And I never get tired of hearing the Story or telling the Story in various ways.



From as far back as I can remember as a child, it was my “job” to put up the crèche and that tradition remains. We have a neat nativity set. It’s not the “santons” (“little saints” in Provençal,) of my youth, those hand-painted clay figurines, dressed in traditional attire, prevalent in the south of France. My little resin friends of today look right out of first century Judea. The plaster houses look like what I imagine the houses back then would have looked like. I enjoy setting the scene and trying to imagine what life would have been like so long ago.

People, in my crèche rendition, go about their every day business, oblivious to the miracle happening right under their nose. That part has not changed all that much, has it?

The wise men are even part of my recreated story despite the fact that scholars don’t believe they reached Jesus until he was a 2 year-old toddler and long gone from the stable in Bethlehem. There are 3 wise men – an assumption based on the three gifts brought – again, probably not accurate either but frankly it does not matter all that much. The point, as our lectionary texts Sunday reminded us, is that outsiders: Gentiles (non-Jews), dirty-stinky shepherds… believed what they heard, responded and came to worship and became part of the family of God. Power, as the world understands it, was turned on its head, redefined, on that day.

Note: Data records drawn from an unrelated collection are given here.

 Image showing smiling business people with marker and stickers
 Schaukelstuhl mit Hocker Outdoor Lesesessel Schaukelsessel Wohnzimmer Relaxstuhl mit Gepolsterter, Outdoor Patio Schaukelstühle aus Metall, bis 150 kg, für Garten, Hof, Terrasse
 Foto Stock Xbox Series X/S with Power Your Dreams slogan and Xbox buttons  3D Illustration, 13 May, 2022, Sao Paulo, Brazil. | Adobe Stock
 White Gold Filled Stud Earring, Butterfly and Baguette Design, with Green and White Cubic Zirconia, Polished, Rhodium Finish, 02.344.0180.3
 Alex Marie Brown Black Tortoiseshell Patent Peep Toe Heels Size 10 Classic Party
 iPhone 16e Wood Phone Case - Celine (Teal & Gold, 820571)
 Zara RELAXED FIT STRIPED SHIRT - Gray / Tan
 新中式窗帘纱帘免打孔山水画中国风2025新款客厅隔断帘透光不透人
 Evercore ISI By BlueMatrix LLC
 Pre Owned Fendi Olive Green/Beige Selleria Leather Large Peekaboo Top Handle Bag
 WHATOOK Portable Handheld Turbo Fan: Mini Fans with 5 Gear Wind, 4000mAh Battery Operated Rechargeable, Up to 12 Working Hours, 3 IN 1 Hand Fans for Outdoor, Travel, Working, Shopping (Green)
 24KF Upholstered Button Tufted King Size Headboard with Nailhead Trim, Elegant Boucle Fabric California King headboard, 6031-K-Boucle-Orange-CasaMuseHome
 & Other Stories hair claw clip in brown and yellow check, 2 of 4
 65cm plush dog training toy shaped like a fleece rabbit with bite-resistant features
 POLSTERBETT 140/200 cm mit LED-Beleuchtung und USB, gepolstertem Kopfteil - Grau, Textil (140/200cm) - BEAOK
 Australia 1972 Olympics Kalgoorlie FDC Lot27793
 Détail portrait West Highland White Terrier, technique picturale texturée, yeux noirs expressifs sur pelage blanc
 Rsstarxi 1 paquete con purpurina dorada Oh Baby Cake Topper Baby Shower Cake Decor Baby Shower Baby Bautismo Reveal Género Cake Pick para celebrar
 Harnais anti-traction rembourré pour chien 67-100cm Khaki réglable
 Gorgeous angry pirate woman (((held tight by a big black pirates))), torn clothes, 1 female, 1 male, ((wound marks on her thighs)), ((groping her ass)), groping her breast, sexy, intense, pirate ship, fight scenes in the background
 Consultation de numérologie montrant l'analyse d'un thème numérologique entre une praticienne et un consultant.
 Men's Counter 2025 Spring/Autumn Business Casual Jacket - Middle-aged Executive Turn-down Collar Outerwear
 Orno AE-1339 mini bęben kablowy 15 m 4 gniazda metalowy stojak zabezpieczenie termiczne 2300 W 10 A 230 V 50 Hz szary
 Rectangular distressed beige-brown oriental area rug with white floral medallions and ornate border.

So there is a little sadness because putting things away means that another year has gone by. The lights are put away and familiar and beloved carols won’t be sung for the next 12 months.

The end of the Christmas season kind of feels like I imagine the disciples must have felt coming down the mountain after transfiguration. There is part of me that wants to stay on the mountain, dazzled by visions and light. But I am reminded that I can’t stay on the mountain. Life happens on the plain and in the valley and occasionally there are mountain top experiences.

But “God is in us, God is for us, God is with us Emmanuel”; that is what the Casting Crown song I sang Sunday reminded us of. He is with us all year long, whether we are on a mountain or deep in the valley.